Opinion of the Court

Nelson, J.

The defendants contend that the court erred in failing to confirm the report of the commissioners, and in directing that the matter be determined by the casting of lots.

*320The, plaintiff contends that a partition action in this state is an equitable action, and that it was therefore proper for the court to modify or direct the modification of the report of the commissioners in order that equity might be done; that in determining the matter in controversy by lot and approving the result of such determination the court, in effect, recognized that the plaintiff was equitably entitled to the north portion; and that the defendants are not aggrieved because they asserted on the hearing that the lands had been fairly and equitably divided by the commissioners.

The action was commenced and conducted in purported pursuance of ch. 276, Stats., which relates exclusively to partition. The chapter is full and complete. It apparently covers every step and contingency that may arise in a partition action. Up to the time that the commissioners made their report to the court the statute was in all respects substantially, if not specifically, complied with. A hearing was had on the report of the commissioners, and such objections of the plaintiff as were made orally were considered by the court. Notwithstanding the fact that the court was of the view that the commissioners had acted in entire good faith, and that the division of the lands into two parts was in all respects equitable and fair, the court failed to confirm the report of the commissioners and the allotment made by a majority of them. Sec. 276.16, Stats., provides:

“Report may be set aside. On good cause shown the court may set aside the report and refer the case to the same, or appoint new, commissioners as often as may be necessary, who shall proceed in like manner as hereinbefore directed.”

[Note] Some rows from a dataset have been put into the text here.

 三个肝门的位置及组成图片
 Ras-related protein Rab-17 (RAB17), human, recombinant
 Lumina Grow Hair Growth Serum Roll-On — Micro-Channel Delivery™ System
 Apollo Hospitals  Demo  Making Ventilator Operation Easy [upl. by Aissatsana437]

That section is clear and unambiguous. It permits a court to set aside a report of commissioners in partition only when good cause is shown for so doing. That section is older than the state. See Statutes of the Territory of Wisconsin, 1839, sec. 58, of “An act concerning the tenure of real prop*321erty, the persons capable of holding and conveying, and the manner of transmitting the title thereto,” which provided:

“That it shall be lawful for the court, on good cause shown, to set aside the return of the said commissioners, and to appoint, as often as may be necessary, new commissioners, who shall in all things proceed as the other commissioners are herein directed to proceed, and the judgment thereupon to be given shall be of like effect as if judgment had been rendered upon the first return” (p. 190, Terr. Stats. 1839).

See also sec. 30, ch. 108, Stats. 1849, which provided:

“On good cause shown, the court may set aside the report, and commit the case to the same, or appoint new commissioners, as often as may be necessary, who shall proceed in like manner as hereinbefore directed.”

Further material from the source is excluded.